A mercantilização do ensino jurídico e o problema da educação bancária

Danilo Orsida

O professor Paulo Freire, em sua obra “A pedagogia do oprimido”, traça um diagnóstico certeiro sobre o sistema educacional brasileiro, estabelecendo uma profunda crítica ao que intitula “educação bancária”. Na perspectiva freiriana,  a educação bancária, é o modo de opressão, da ausência de liberdade e a imposição unilateral do educador.

Ousando parafrasear a narrativa de Paulo Freire e apropriando-se do seu termo “educação bancária”, atrevo a dizer que se dito autor ainda estivesse vivo, o termo “bancária”, certamente seria interpretado como sinônimo de “Banco”, isto é, de um estabelecimento de crédito de instituição financeira.

Ora, nos últimos 20 anos, vivenciamos uma explosão de cursos na área jurídica: de aproximadamente 200 na década de 1990, saltamos para mais de  1,3 mil cursos credenciados junto ao Ministério da Educação- MEC. Aliás, falando em MEC, não hesito em dizer que este o avalista de todo o cenário da mercantilização do ensino jurídico instalado no Brasil.

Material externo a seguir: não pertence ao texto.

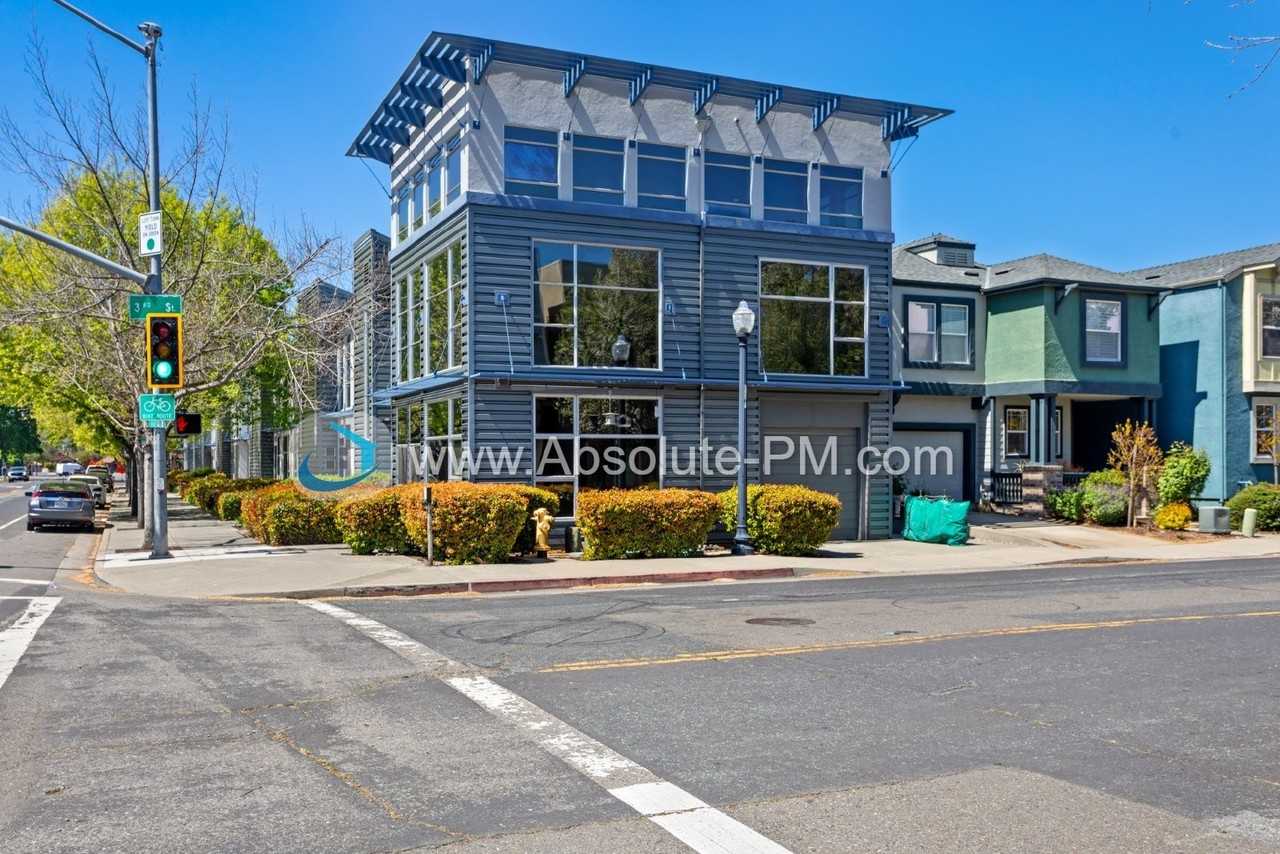 300 C St - Photo 2 of 24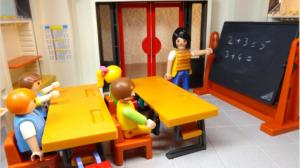 Maestra Playmobil spiega a una classe di playmobile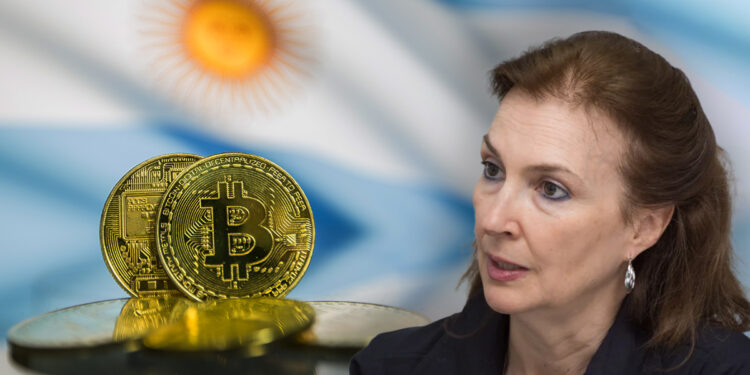 Diana Mondino junto a monedas de bitcoin con bandera de Argentina en el fondo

Na atual conjuntura, 01 (um) em cada 10 (dez) universitários brasileiros são acadêmicos no curso de graduação em Direito. Ao considerarmos a centena de cursos superiores ofertados no Brasil, tal indicador revela um cenário relevante e assustador.

Ainda tratando de números, recentemente repercutiu a notícia de que alcançamos 1.000.000,00 (um milhão) de advogados no quadro de inscritos na Ordem dos Advogados do Brasil – OAB.  Em verdade, uma consequência lógica da explosão de cursos vivenciada nas últimas décadas. Ora, em nenhum país no mundo existem tantos cursos de Direito quanto o Brasil. Em breve, seremos um país de bacharéis!

Estima-se que a cada ano, cerca de 60 mil novos advogados ingressam no mercado. Para exemplificar tamanha disparidade, tal número corresponde ao total de graduados em Direito existentes na França.

Aliás, falando em OAB, acredito que aperfeiçoando dos instrumentos de avaliação e de reconhecimento dos cursos passa pelo fortalecimento da opinião da classe dentro do processo avaliativo. É preciso fortalecer o papel da Ordem dos Advogados dentro deste processo. Ora, conforme a legislação vigente, nos processos de autorização, reconhecimento e renovação do reconhecimento dos cursos jurídicos, o MEC é quem detém a palavra final.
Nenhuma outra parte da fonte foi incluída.